§ EXERCISE
Once you find the line with "Michigan Wolverines Gift", transcribe it and all the lines that follow to the end of the data, exactly as written; skip any pictures.

[Captioned web image data]
#####
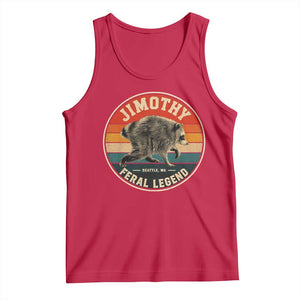 Jimothy Raccoon Seattle Feral Legend Tank Top Funny Trash Panda Meme Retro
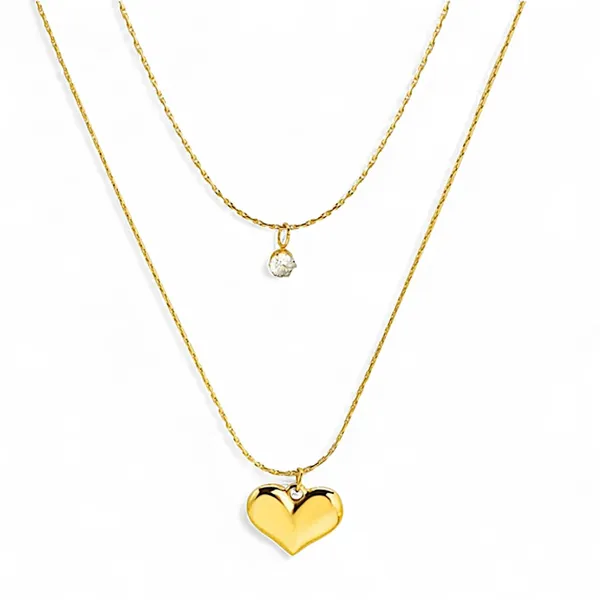 Gold_Stainless_Steel_Double_Layer_Pendant_Necklace_For_Women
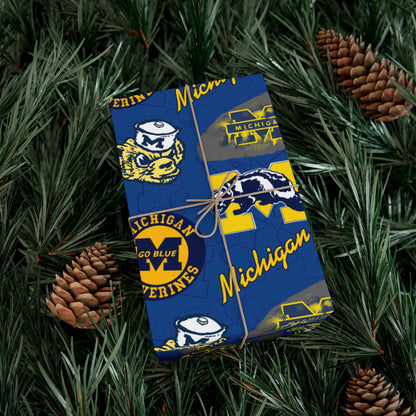 Michigan Wolverines Gift Wrap Paper – Blue & Maize Collegiate Pattern (Text: "Michigan")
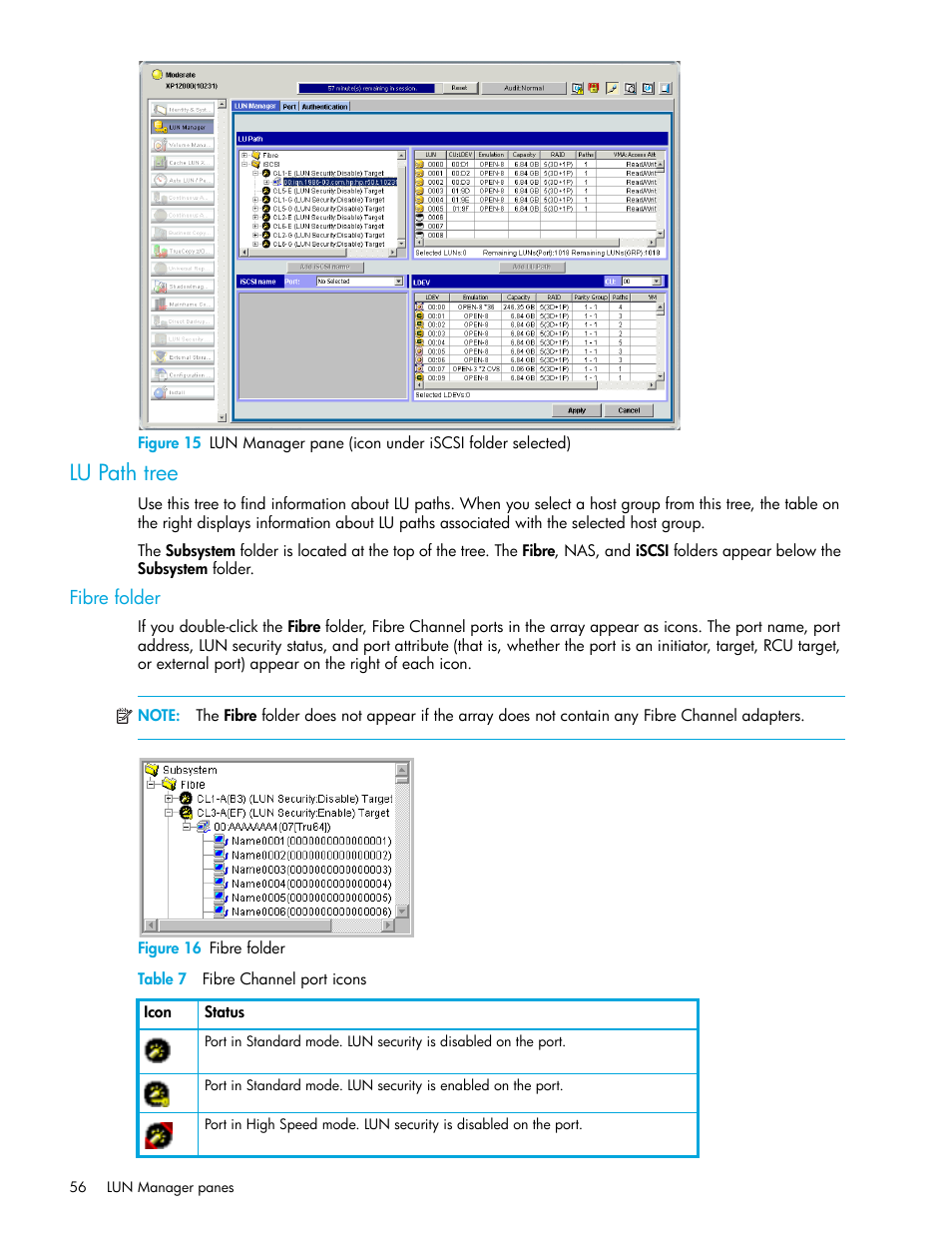 Lu path tree, Fibre folder, Figure 16 fibre folder | Table 7 fibre channel port icons, 16 fibre folder, 7 fibre channel port icons | HP StorageWorks XP Remote Web Console Software User Manual | Page 56 / 198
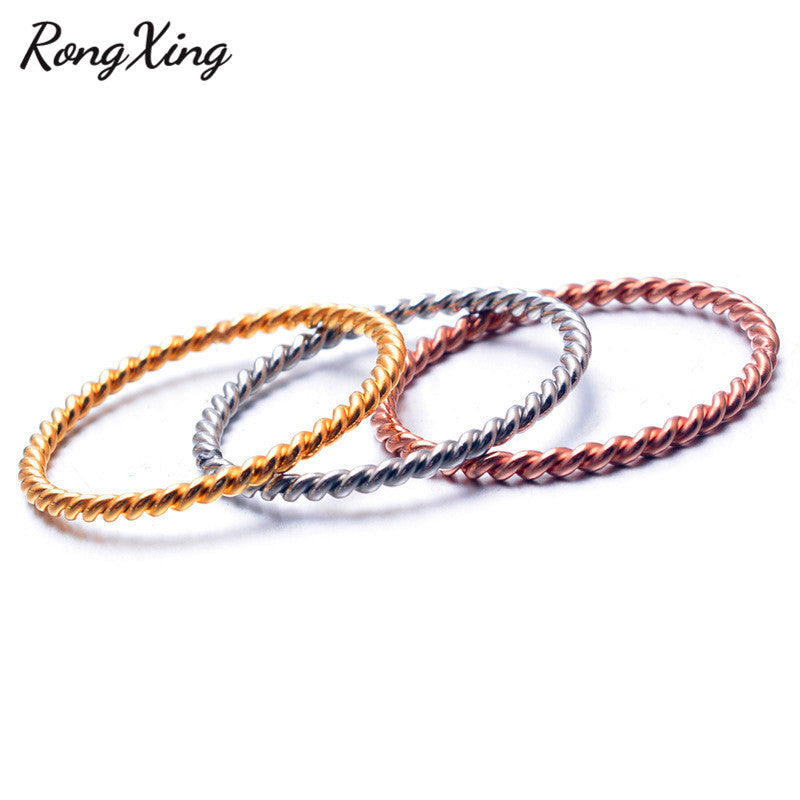 Simple Round Stainless Steel Thin Rings For Women Silver/Gold Color Twist Wave Ring Titanium Steel Minimalist Jewelry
#####
§ EXERCISE OUTPUT
 Michigan Wolverines Gift Wrap Paper – Blue & Maize Collegiate Pattern (Text: "Michigan")
 Lu path tree, Fibre folder, Figure 16 fibre folder | Table 7 fibre channel port icons, 16 fibre folder, 7 fibre channel port icons | HP StorageWorks XP Remote Web Console Software User Manual | Page 56 / 198
 Simple Round Stainless Steel Thin Rings For Women Silver/Gold Color Twist Wave Ring Titanium Steel Minimalist Jewelry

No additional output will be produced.